_What you have to do_:
Count every line in the entries that contains "pour". Report that count alone.

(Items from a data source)

+++

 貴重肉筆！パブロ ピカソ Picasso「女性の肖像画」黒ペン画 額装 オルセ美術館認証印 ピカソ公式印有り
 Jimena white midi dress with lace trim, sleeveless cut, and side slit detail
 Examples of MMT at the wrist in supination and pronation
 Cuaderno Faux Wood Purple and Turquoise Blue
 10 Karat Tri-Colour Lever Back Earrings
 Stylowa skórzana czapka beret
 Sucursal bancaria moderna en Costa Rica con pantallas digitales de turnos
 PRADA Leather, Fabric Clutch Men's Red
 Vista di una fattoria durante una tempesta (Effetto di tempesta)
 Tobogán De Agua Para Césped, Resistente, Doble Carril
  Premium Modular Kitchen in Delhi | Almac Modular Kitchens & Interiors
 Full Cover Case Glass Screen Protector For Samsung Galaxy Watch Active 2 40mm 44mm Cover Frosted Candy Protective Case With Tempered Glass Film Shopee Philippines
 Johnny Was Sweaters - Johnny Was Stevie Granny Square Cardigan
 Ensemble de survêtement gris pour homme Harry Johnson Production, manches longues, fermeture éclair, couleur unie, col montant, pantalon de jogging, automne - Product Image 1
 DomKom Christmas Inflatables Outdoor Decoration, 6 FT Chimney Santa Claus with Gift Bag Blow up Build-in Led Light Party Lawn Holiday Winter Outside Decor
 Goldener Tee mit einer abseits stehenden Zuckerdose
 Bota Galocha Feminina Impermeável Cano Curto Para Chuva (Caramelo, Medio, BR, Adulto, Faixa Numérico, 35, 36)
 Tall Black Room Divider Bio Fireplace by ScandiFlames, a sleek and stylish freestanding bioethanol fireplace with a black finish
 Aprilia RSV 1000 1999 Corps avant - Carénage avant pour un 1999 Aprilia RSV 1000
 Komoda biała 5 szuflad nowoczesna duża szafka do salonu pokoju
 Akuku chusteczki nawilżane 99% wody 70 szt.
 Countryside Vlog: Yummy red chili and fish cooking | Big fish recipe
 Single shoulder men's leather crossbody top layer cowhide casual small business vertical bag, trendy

+++

_Response to this exercise_:
2